Turning to the FBI warrant, the Court noted that it detailed the significant factual similarities among the robberies like the second warrant did; however, it only alleged the ubiquity of cell phones in the commission of crimes as a general matter but failed to provide any additional details establishing a nexus between that generic fact and the specific crimes in question, i.e., it didn’t provide any particularized facts supporting the use of cell phones by the robber and getaway driver to communicate with one another prior to or after the robberies, in contrast to the second warrant. The Court determined that the only alleged fact contained in the first warrant affidavit supporting the claim that the perpetrators used cell phones in connection with the robberies was the affiant’s naked assertion that “it is very common for a person to have a cellular telephone with them at all times.” Thus, the Court concluded that the first warrant was not supported by probable cause and “the evidence obtained pursuant to [it] must be suppressed.”
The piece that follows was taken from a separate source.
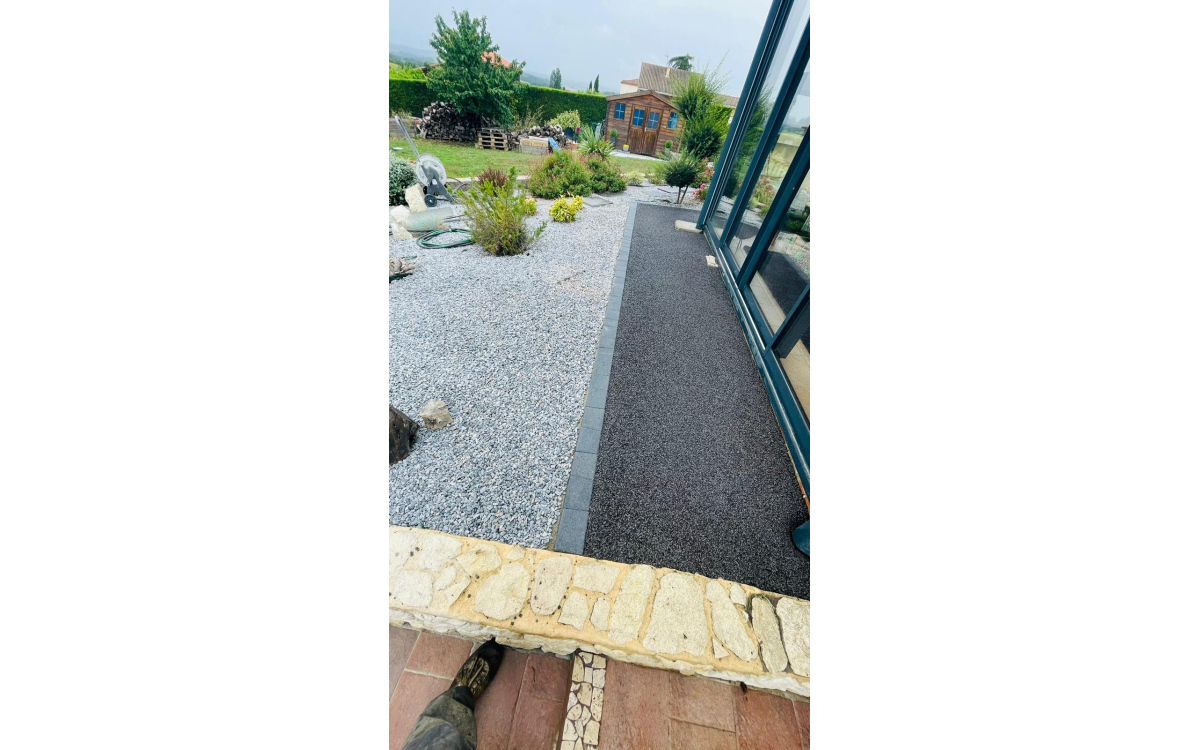 Ralisation Alle pitonne en Pav la couture et Stardraine  Preignan  conue le 09/09/2021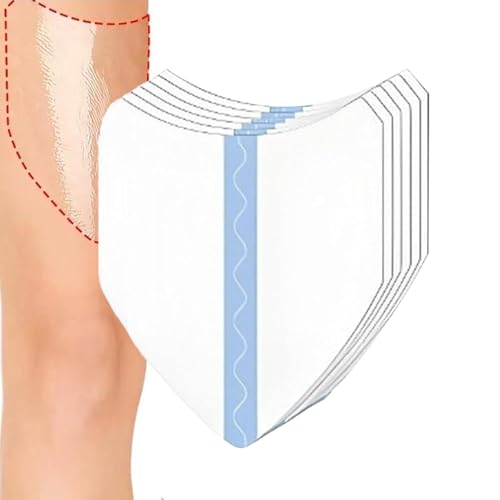 Zibeem Oberschenkel-Hebeband - 5 Stücke Anti-Scheuernde Transparente Oberschenkel-Schoner Damen,Haftende Pflaster Für Beine Sport Outdoor Laufen Jeans Reibungsschutz von Zibeem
The Court summarized its analysis of the governing law and application to the facts of this case as follows: “The Commonwealth’s actions in this case intruded upon the defendant’s reasonable expectation of privacy and therefore effectuated a search under art. 14. Nonetheless, because the second warrant was sufficiently particular and supported by probable cause, the evidence obtained pursuant to the second warrant need not be suppressed. All evidence stemming from the tower dumps provided pursuant to the first warrant, however, must be suppressed because the warrant was not supported by probable cause.”

Finally, due to the potentially intrusive and easily abused power to discern the private habits of citizens via CSLI obtained via tower dump warrants, the Court exercised its authority under General Laws c. 211, § 3 to “impose requirements (by order, rule or opinion) that go beyond constitutional mandates” and imposed prospective requirements for any warrant seeking CSLI data.

The Court instructed that only judges may issue search warrants for tower dumps — not magistrates — and any “warrant must include protocols for the prompt and permanent disposal of any and all data that does not fit within the object of the search following the conclusion of the prosecution.” The Court declared that this is a new rule not dictated by existing statute or precedent, so it applies only “prospectively and to those cases that are active or pending on direct review on the date of issuance,” viz., April 1, 2022.

Accordingly, the Court remanded the case with instructions to suppress the data obtained via the FBI’s warrant application. See: Commonwealth v. Perry, 184 N.E.3d 745 (Mass. 2022). 


Editor’s note: The Court does a particularly good job of explaining the mechanics and law enforcement’s use of CSLI and tower dumps. Most readers who use a cell phone would likely learn something by examining the Court’s discussion on this topic. Additionally, anyone with an interest in the law, both federal and Massachusetts, governing warrant requirements for CSLI and tower dumps would benefit from reading the full opinion.